DEVREK GÜNEŞİ TARIMSAL KALKINMA KOOPERATİFİ – 1

Söyleşi: Umut Kocagöz
1 Haziran 2019
SATIRBAŞLARI

Kelimenin tam anlamıyla “göz yaşartıcı” bir örgütlenme. Kadınlar bir araya gelip sağlıklı gıda adına sorumluluk alırsa ortaya nasıl bir üretim çıkar? Azimle, emek vererek temiz enerjiye uzanan bir plan adım adım nasıl hayata geçirilir? Zonguldak, Devrek’e uzanıyor, Devrek Güneşi Kooperatifi’nin başkanı Saniye Uysal’ı pür dikkat dinliyoruz.

Devreklisiniz, buradaki geçmişinizi biraz anlatır mısınız?

Saniye Uysal: Dedeoğlu köyündenim. Babamlar dört erkek kardeş. Hep beraber yaşıyorduk. Yazları köyde, kışları ilçede otururduk. Tarlada, bağda bahçede çalışırdık. Neredeyse otuz kişilik bir aileydik. Kocaman bir sofra kurardık. Devrek, tarihi çok eskilere giden bir yer. Pazar yeri olarak kurulmuş. Birkaç tane han varmış, yüzyıllarca bir ticaret merkezi olmuş. Çok göç vermiş aynı zamanda. Madenlere işçi alımı giderek azaldı. Özellikle genç nüfus üniversite için ilçe dışına gidiyor, orada kalıyor. Bir beyin göçü yaşanıyor. Köylerdeki okulların kapatılmasından sonra köylerden ve ilçe merkezinden özellikle Bursa ve İstanbul’a göç verildi. Eskiden 35 bin olan nüfus şu an 26 bin civarlarında. Fiziksel olarak sanayiye uygun bir yer değil. İnşaat sektörü yükselince her yer betonarme oldu. Köylerde dahi hissediyoruz. Elli-altmış kişinin çalışabileceği fabrika tipi üretim tesisi için kimse girişimde bulunmuyor. İş olmadığı için gençler çekip gidiyor. Devrek’te 100-150 kişilik iki sanayi sitesi var. Onlar aktif hale gelse bir sürü sorun çözülür.

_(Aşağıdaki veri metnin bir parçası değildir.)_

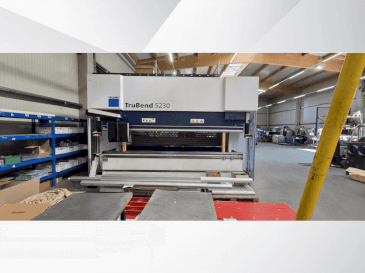 Koneen TRUMPF TruBend 5230 etunäkymä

Madencilik devam ediyor mu?

Üretim azaldı, yeni işçi alımı yok. Bundan on sene önceye kadar çok aktifti maden. Ekonomi büyük ölçüde ona dayanıyordu. Ayrıca iki evden biri Almancıdır köylerde. Her eve bir maaş madenden, bir de Almanya’dan girer. Kamu süt fabrikası ORİS vardı, özelleştirildi, satıldı. Orman işletmesinin olduğu yere binalar dikildi.

Kooperatifin ne olduğunu çok bilmiyorduk. Sivil toplum geçmişimiz vardı, ama kooperatifçilik çok farklı. Dayanışmacı ruhunuz yoksa sizden kooperatifçi çıkmaz. İnsani paylaşım ruhu olmalı, hep bana dememelisiniz.

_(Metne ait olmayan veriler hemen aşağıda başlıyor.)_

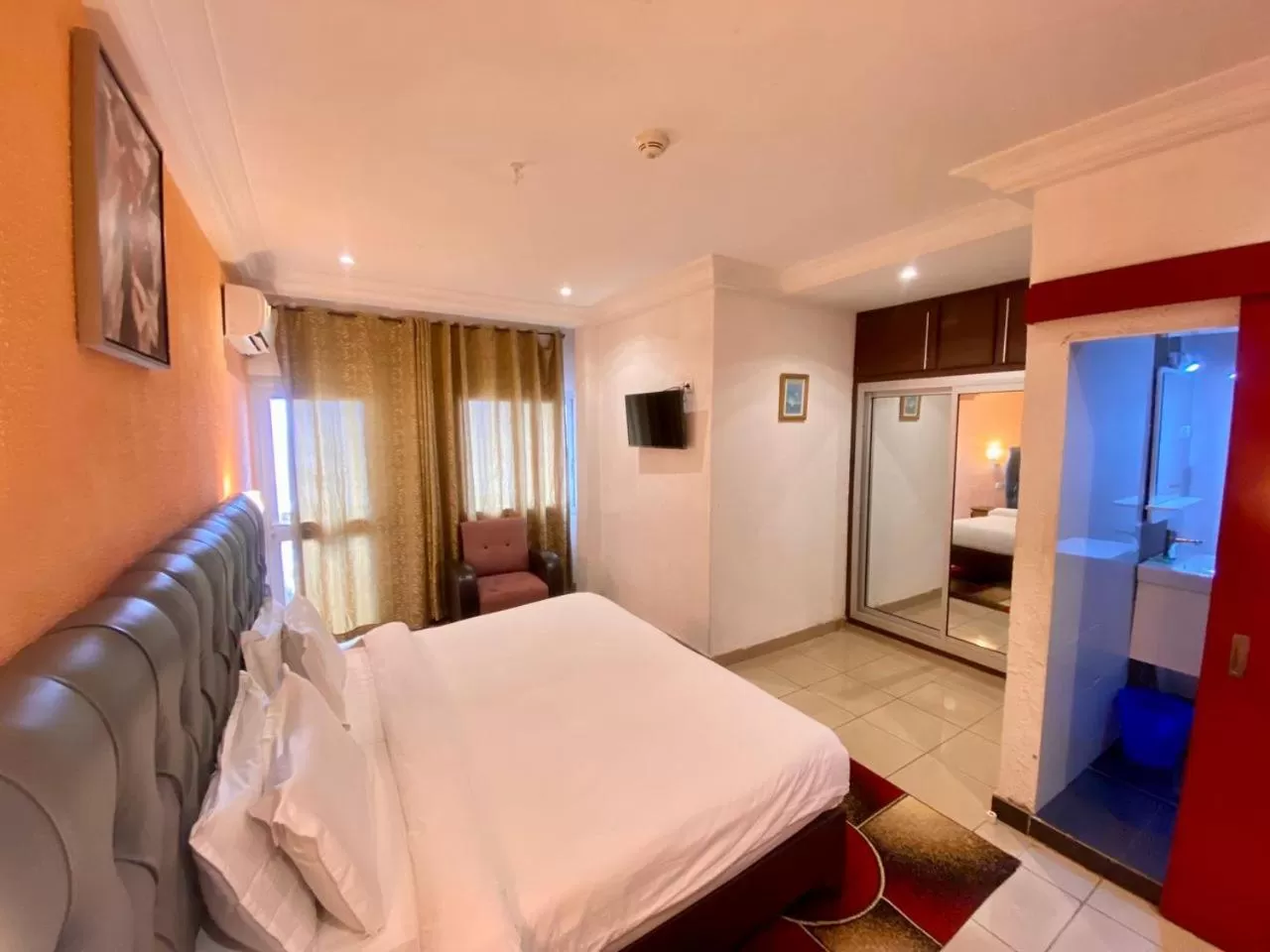 Photo of the whole room in Fini Hotel Bobende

İlçede tarımın durumu nasıl?

20-25 yıl önce köylerde buğday ekimi durdu. En önemli etken arazinin eğimli olması. Tarım epey beden gücüne dayanıyor, köyde kalan nüfus da yaşlandı. Eskiden yaklaşık yetmiş köyün hepsinde buğday yapılıyordu. Buğday bitince hayvancılık da bitti. Civarda sebzecilik, meyvecilik ve seracılık yapılıyor. Artık aile tipi çiftçilik bitti. Eskiden arpa, yulaf, her şey yetiştiriliyordu. Köylü kendi ihtiyacı için üretim yapar, fazlasını ilçeye, pazara götürür satardı. Elli-altmış baş hayvanlı çiftlikler yoktu. Şu an Dirgine tarafında böyle büyükbaş çiftlikler kurulmuş. Tavuk çiftlikleri de var. Bir de tarımsal kalkınma kooperatifi olarak bizim Devrek Güneşi var.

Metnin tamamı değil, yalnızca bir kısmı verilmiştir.